As with the brevity of life, so the brief construction of just five words in the Hebrew of Exodus 21:12: מַכֵּה אִישׁ וָמֵת מוֹת יוּמָת makkêh ’îysh vâmêth môwth yûmâth "He who strikes a man, so that he dies, shall surely be put to death" (NAS). This has מוּת mûwth repeated three times in a row in different forms. Most of Exodus 21:14-22:2 continues in the same vein.
Metaphorically, one's heart can die within (1 Samuel 25:37), or Job can refer to wisdom dying (Job 12:2) or the root of a plant in the earth (Job 14:8), but not of plant death itself. Indeed, these are probably the rare handful of figurative uses that exist in the Hebrew Bible.

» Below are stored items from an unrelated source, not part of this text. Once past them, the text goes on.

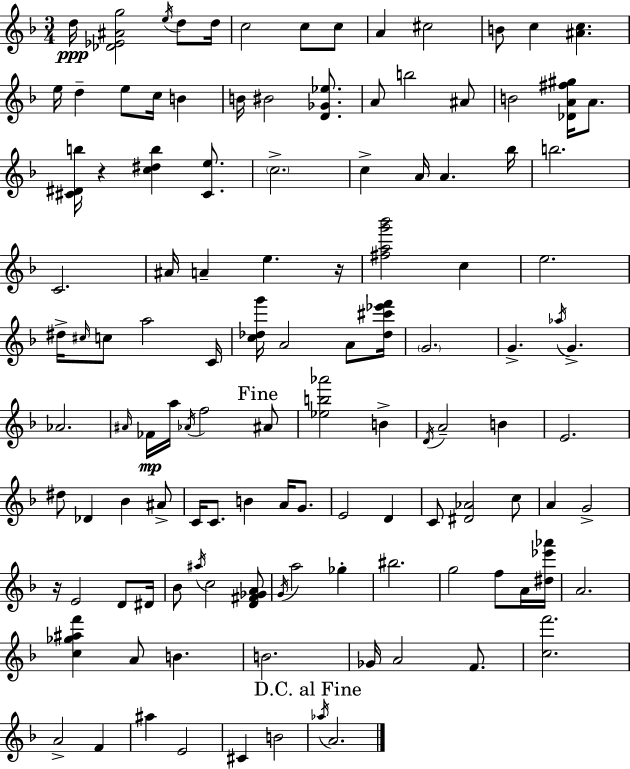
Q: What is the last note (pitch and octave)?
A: A4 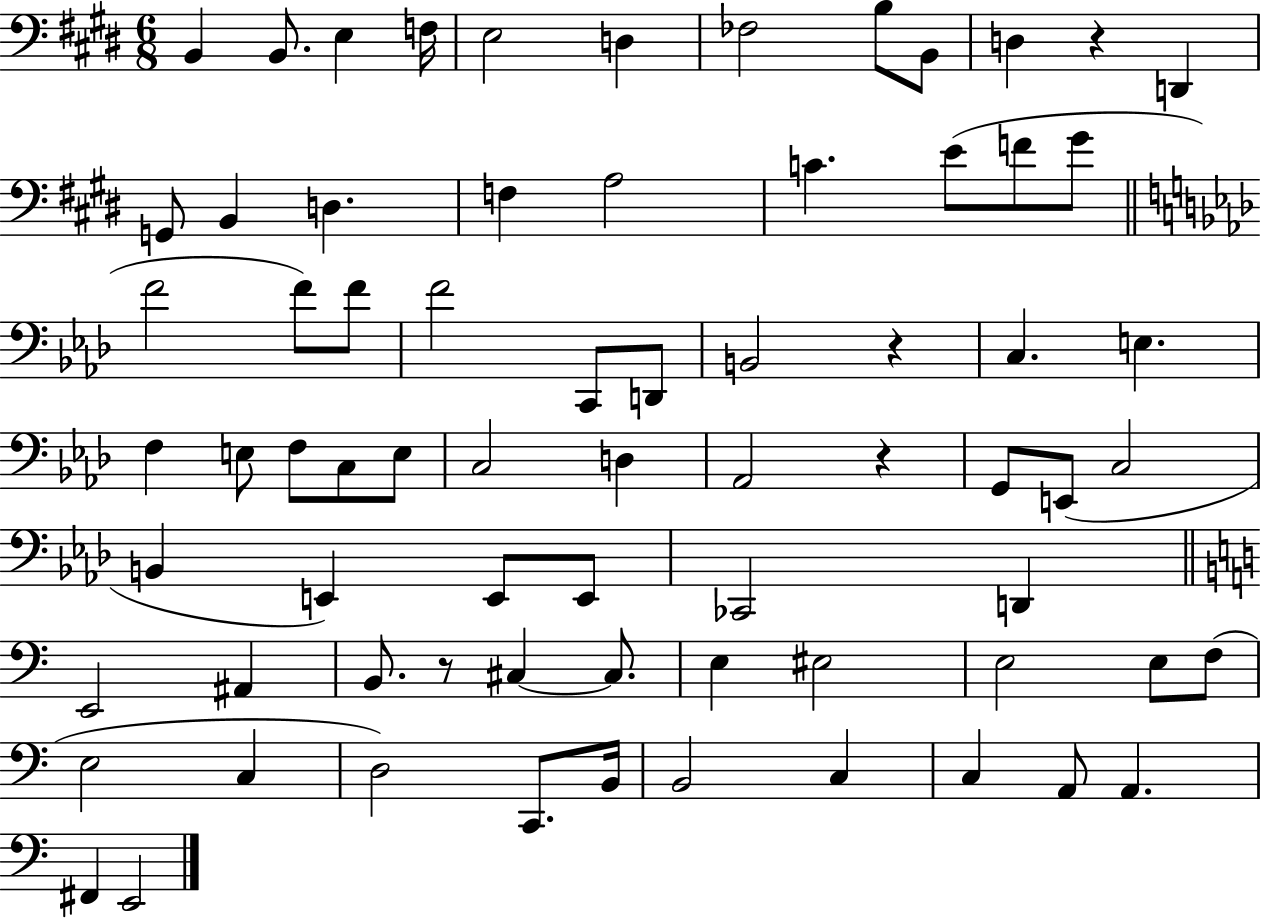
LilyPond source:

{
  \clef bass
  \numericTimeSignature
  \time 6/8
  \key e \major
  b,4 b,8. e4 f16 | e2 d4 | fes2 b8 b,8 | d4 r4 d,4 | \break g,8 b,4 d4. | f4 a2 | c'4. e'8( f'8 gis'8 | \bar "||" \break \key aes \major f'2 f'8) f'8 | f'2 c,8 d,8 | b,2 r4 | c4. e4. | \break f4 e8 f8 c8 e8 | c2 d4 | aes,2 r4 | g,8 e,8( c2 | \break b,4 e,4) e,8 e,8 | ces,2 d,4 | \bar "||" \break \key c \major e,2 ais,4 | b,8. r8 cis4~~ cis8. | e4 eis2 | e2 e8 f8( | \break e2 c4 | d2) c,8. b,16 | b,2 c4 | c4 a,8 a,4. | \break fis,4 e,2 | \bar "|."
}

Somewhat more than a figurative use is intended when Aaron describes Miriam's leprous skin and his plea for healing: "Let her not be כַּמֵּת kammêth as death, whose flesh is half consumed, when coming out of a mother's womb" (Numbers 12:12).
Although it occurs 835 times as a verb, sometimes verb and noun are hard to tell apart and thus Jenni and Westermann count 1000 combined occurrences by including the noun מָוֶת mâweth "dead, die" (Strong's #4194, x160).
Death and the Underworld are personified as Mot among the Canaanites, a rival of Ba'al. In popular culture Terry Pratchett personified DEATH in smallcaps but his understudy as Mort, the title of one of his best known DiscWorld novels.